Instructions to follow:
Only those lines in the data below from the line containing "Women's Summer Casual" through the line containing "Philips Hue Runner", both included, should be restated word for word.
Top of Information supplied
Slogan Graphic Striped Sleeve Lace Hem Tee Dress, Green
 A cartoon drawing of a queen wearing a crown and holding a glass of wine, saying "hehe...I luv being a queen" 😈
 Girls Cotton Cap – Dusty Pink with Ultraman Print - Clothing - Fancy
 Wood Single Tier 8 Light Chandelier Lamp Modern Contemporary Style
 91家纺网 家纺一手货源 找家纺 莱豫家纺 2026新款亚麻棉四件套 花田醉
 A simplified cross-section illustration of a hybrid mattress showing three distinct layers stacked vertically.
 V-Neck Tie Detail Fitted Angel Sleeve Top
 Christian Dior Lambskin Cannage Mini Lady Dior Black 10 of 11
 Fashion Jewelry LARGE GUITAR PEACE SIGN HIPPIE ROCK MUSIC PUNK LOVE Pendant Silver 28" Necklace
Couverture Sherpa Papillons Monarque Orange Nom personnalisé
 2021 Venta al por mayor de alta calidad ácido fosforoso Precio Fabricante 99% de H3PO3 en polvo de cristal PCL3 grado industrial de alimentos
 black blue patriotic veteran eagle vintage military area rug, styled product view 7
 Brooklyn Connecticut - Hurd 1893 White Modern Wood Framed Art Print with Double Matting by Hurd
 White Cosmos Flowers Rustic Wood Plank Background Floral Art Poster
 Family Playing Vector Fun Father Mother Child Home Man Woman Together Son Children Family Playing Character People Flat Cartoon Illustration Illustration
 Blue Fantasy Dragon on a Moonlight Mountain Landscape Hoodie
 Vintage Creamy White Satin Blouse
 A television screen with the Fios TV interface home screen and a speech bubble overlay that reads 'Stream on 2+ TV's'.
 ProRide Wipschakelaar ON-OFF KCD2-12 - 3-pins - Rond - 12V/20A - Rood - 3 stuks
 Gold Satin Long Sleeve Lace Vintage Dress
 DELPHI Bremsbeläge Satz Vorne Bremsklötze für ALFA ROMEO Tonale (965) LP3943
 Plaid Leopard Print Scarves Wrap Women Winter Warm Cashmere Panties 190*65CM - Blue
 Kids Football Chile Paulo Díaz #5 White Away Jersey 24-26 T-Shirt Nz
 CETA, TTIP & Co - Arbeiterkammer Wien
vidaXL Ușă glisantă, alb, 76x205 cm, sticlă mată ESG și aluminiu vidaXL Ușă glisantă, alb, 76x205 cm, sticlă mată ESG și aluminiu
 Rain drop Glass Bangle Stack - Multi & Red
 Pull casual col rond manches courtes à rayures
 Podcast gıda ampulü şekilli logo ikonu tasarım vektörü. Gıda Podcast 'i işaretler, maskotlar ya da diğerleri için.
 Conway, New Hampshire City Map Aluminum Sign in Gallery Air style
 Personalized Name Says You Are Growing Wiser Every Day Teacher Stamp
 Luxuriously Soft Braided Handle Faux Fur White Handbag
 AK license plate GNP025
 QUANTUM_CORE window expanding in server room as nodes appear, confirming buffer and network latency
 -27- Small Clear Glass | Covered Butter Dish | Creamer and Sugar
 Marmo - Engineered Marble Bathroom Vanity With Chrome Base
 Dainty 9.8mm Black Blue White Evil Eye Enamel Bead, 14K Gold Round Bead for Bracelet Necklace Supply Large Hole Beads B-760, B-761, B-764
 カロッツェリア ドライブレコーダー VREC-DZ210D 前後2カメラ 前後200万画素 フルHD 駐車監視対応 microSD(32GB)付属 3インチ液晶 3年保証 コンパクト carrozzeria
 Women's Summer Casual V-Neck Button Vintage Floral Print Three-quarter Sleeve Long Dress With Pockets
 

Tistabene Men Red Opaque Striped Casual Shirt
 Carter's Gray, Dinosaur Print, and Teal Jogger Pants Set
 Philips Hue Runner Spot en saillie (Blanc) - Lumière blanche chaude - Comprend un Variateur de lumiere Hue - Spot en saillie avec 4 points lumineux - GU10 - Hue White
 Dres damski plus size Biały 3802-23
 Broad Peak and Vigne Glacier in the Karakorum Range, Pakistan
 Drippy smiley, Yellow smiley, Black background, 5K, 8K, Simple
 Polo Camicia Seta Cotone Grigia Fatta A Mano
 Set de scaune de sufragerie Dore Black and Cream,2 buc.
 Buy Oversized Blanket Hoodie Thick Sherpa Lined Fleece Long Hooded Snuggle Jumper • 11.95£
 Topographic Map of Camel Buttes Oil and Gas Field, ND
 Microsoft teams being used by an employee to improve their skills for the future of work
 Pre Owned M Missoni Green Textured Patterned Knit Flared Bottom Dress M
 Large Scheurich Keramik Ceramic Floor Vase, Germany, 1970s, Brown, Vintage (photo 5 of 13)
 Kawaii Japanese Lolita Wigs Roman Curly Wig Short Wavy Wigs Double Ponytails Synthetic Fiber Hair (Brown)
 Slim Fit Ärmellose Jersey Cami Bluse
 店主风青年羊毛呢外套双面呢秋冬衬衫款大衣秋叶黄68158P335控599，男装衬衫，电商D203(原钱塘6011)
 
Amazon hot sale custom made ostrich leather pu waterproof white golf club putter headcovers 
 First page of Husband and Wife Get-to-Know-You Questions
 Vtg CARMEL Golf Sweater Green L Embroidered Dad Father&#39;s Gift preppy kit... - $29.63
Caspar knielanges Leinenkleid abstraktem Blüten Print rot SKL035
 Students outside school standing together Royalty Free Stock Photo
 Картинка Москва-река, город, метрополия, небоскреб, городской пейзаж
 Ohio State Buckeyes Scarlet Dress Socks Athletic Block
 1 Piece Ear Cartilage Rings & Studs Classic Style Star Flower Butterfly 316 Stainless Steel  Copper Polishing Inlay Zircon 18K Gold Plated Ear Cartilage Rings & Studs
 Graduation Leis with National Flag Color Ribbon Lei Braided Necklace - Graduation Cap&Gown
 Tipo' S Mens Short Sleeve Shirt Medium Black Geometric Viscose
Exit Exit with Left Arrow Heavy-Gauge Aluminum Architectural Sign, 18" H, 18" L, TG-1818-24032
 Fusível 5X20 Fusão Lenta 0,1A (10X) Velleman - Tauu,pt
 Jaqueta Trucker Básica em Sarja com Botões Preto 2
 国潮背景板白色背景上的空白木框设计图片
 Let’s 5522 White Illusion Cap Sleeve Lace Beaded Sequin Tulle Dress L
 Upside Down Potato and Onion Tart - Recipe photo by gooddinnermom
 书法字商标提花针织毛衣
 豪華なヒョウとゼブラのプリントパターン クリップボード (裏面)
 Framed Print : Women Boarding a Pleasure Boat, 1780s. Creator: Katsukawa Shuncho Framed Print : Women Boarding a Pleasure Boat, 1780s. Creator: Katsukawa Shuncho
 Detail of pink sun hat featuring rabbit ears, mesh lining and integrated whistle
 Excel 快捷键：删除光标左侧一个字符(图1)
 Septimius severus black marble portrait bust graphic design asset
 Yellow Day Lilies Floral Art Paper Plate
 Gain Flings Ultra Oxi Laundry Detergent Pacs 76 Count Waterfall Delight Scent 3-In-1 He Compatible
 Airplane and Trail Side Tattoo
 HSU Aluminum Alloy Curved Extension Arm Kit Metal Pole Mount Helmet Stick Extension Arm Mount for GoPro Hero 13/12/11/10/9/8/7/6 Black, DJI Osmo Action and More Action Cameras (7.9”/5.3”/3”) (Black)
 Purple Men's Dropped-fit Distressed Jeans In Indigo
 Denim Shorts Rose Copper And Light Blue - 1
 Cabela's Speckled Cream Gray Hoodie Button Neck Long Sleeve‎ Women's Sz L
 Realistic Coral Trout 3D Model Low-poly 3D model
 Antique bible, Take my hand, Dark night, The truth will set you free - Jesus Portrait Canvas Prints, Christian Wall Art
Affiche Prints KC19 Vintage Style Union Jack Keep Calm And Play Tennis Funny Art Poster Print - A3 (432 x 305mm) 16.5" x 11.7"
Bottom of Information supplied
Exercise answer:
 Women's Summer Casual V-Neck Button Vintage Floral Print Three-quarter Sleeve Long Dress With Pockets
 

Tistabene Men Red Opaque Striped Casual Shirt
 Carter's Gray, Dinosaur Print, and Teal Jogger Pants Set
 Philips Hue Runner Spot en saillie (Blanc) - Lumière blanche chaude - Comprend un Variateur de lumiere Hue - Spot en saillie avec 4 points lumineux - GU10 - Hue White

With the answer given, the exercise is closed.